The Arcade1Up Teenage Mutant Ninja Turtle Arcade: A Return to Childhood

Rating: 8/10 ?
  • 1 - Absolute Hot Garbage
  • 2 - Sorta Lukewarm Garbage
  • 3 - Strongly Flawed Design
  • 4 - Some Pros, Lots Of Cons
  • 5 - Acceptably Imperfect
  • 6 - Good Enough to Buy On Sale
  • 7 - Great, But Not Best-In-Class
  • 8 - Fantastic, with Some Footnotes
  • 9 - Shut Up And Take My Money
  • 10 - Absolute Design Nirvana
Price: $349
The Teenage Mutant Ninja Turtle Arcade control deck and the logo on the screen.
Josh Hendrickson

I was born in the early ’80s and spent way too much time doing two things: watching Teenage Mutant Ninja Turtles and playing the arcade game based on the show. Now, Arcade1Up wants to sell you a replica. I bought one and love playing it.

Here's What We Like

  • Accurate replica
  • Good speakers
  • Easy to build

And What We Don't

  • Different theme song
  • Loose joysticks
  • Somewhat expensive

If you’ve never played the Teenage Mutant Ninja Turtles (TMNT ) arcade game, I weep for you, but not because it changed the face of arcades or introduced new concepts. Technically, it’s incredibly basic and simple (as most games were at the time), even down to the storyline. Shredder kidnaps April O’Neil, and it’s up to the Turtles to rescue her.

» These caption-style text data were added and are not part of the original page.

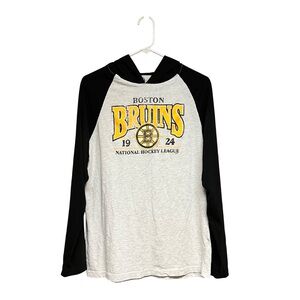 NHL Boston Bruins Black and White Long Sleeve Hooded Shirt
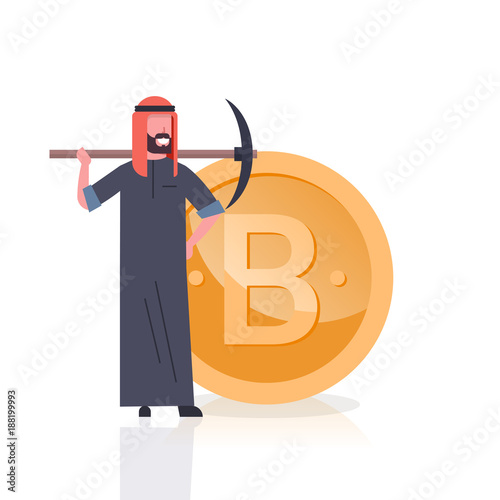 Cryptocurrency Mining Concept Arab Man With Pickaxe Over Golden Bitcoin Coin Isolated On White Background Flat Vector Illustration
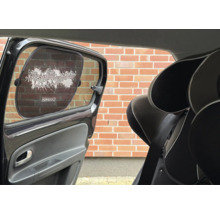 Pare-soleil pour vitre latérale de voiture avec logo Hornbach et inscription YippiejajaYippieYippieyeah.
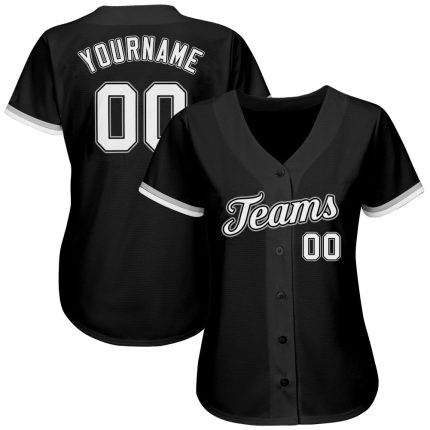 Custom Name and Number Softball Jersey - Personalized Black and Gray Authentic Team Apparel Personalized Black White-Gray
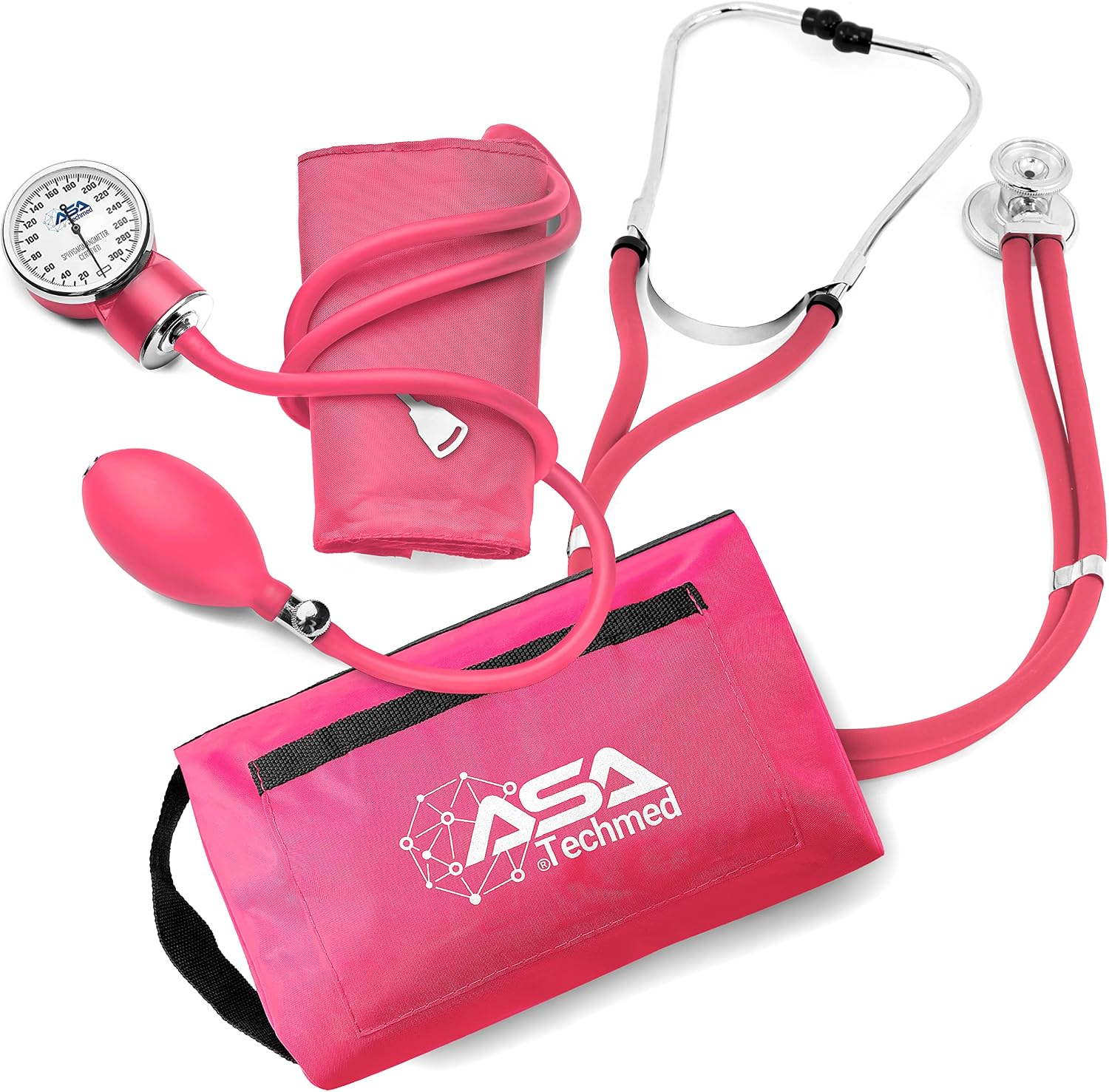 ASA TECHMED Dual Head Sprague Stethoscope and Sphygmomanometer Manual Blood Pressure Cuff Set with Case, Gift for Medical Students, Doctors, Nurses, EMT and Paramedics, Pink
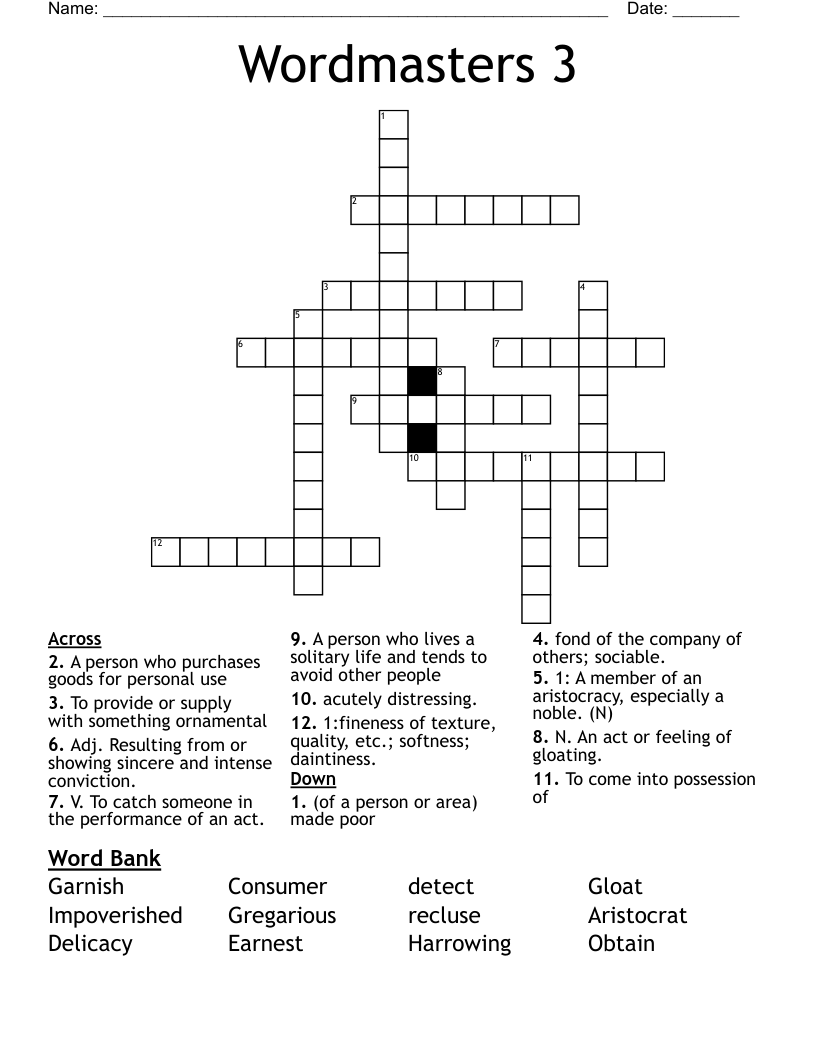 Wordmasters 3 Crossword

When I was young, TMNT was a shared experience. It was about playing with friends and family, who also loved the Turtles. The arcade came out in 1989 when the original animated series was incredibly popular. For a while, you could find it everywhere (sometimes, I would see it in a game store all by itself).

The sequel, Turtles in Time, featured fun animations, like throwing enemies at the screen. Eventually, though, TMNT faded away.

The Arcade1Up version brings all of it back, and you get both the original TMNT game and Turtles in Time.

Some Assembly Required

Like most Arcade1Up classic-style arcades, you have to build the TMNT game when it arrives. The most difficult part of building your own arcade is cutting the pieces to the right size and shape, wiring the joysticks and buttons, and putting together a monitor, speakers, and computer system. Fortunately, Arcade1Up has done all of that for you!

All you have to do is align the parts correctly and screw them together—no wiring joysticks or mounting a monitor required! You just have to connect one ribbon cable from the control box to the monitor and computer unit.

If you can build IKEA furniture, you can build this. Here’s a quick video overview of what the assembly looks like.

A Mostly Accurate Replica

If you want, you can buy an original TMNT machine. Some still work, and others need some loving care. However, not only will you need to make a lot of room in your home (a full-size four-player arcade is huge), you’ll have to shell out (pun intended) around $3,500.

The Arcade1Up version is a fraction of that price, and you get an incredibly accurate, 3/4-scale replica. The company bought an original machine and went over every detail—and it shows!

A woman in a yellow jumpsuit with teased red hair holding an old camcorder on the side of the Arcade1Up "Teenage Mutant Ninja Turtles" arcade.
Check out that hair! Josh Hendrickson

The company faithfully reproduced the original artwork in all of its hilarious, ’80s glory. Again, the dimensions of the two machines aren’t identical, but Arcade1Up reformatted the artwork to fit without any noticeable cutoffs.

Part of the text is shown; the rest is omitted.